-- DATA UNDER STUDY follows --
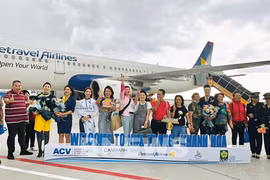 Vietravel Airlines lance des vols directs de Dà Nang/Cam Ranh à Macao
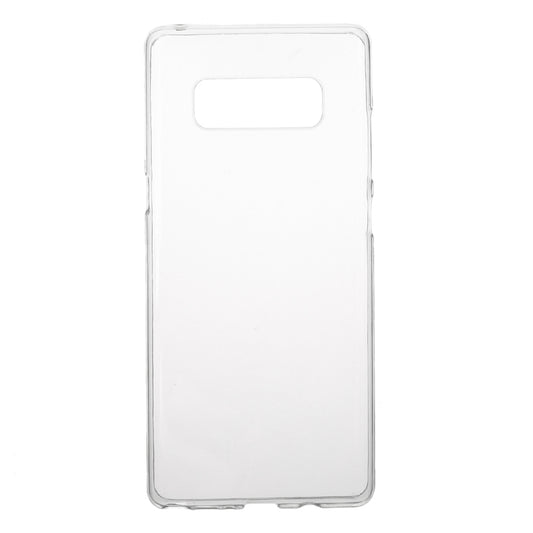 Soft Clear TPU Mobile Phone Case for Samsung Galaxy Note 8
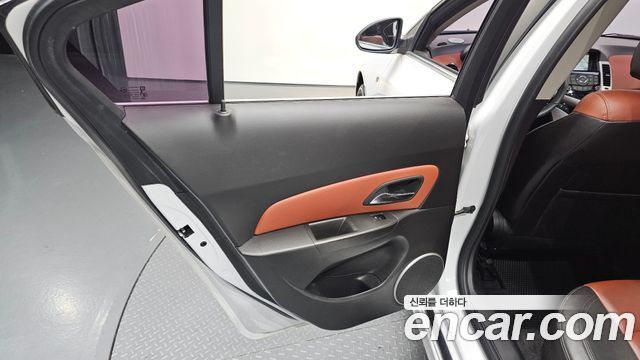 Chevrolet Korea Cruze 2011 — photo 15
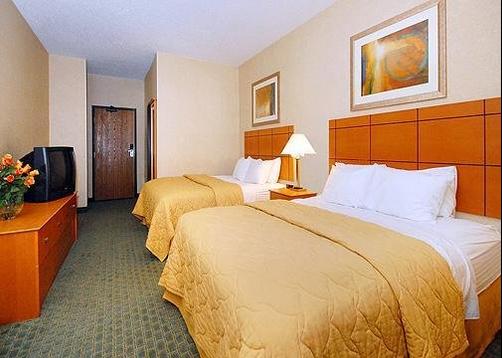 Super 8 Lees Summit - Lee's Summit - Schlafzimmer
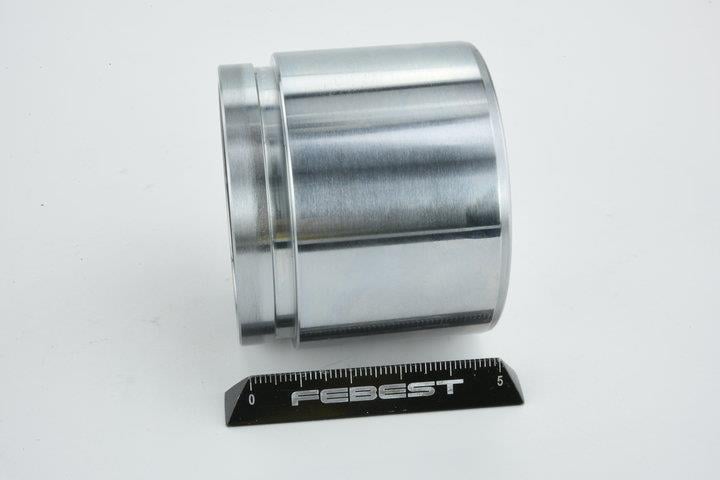 Front brake caliper piston Febest 1276-PORF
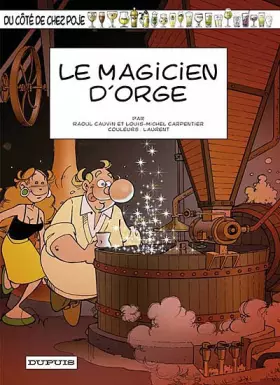 Couverture du produit · LE MAGICIEN D'ORGES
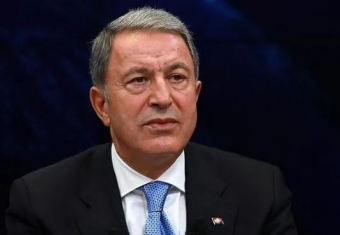 Hulusi Akar: “F-35 olmazsa, öz döyüş təyyarələrimizi istehsal edəcəyik”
-- DATA UNDER STUDY concluded --
Transcribe every line of the records exactly. Pictures do not belong in the copy.

 Vietravel Airlines lance des vols directs de Dà Nang/Cam Ranh à Macao
 Soft Clear TPU Mobile Phone Case for Samsung Galaxy Note 8
 Chevrolet Korea Cruze 2011 — photo 15
 Super 8 Lees Summit - Lee's Summit - Schlafzimmer
 Front brake caliper piston Febest 1276-PORF
 Couverture du produit · LE MAGICIEN D'ORGES
 Hulusi Akar: “F-35 olmazsa, öz döyüş təyyarələrimizi istehsal edəcəyik”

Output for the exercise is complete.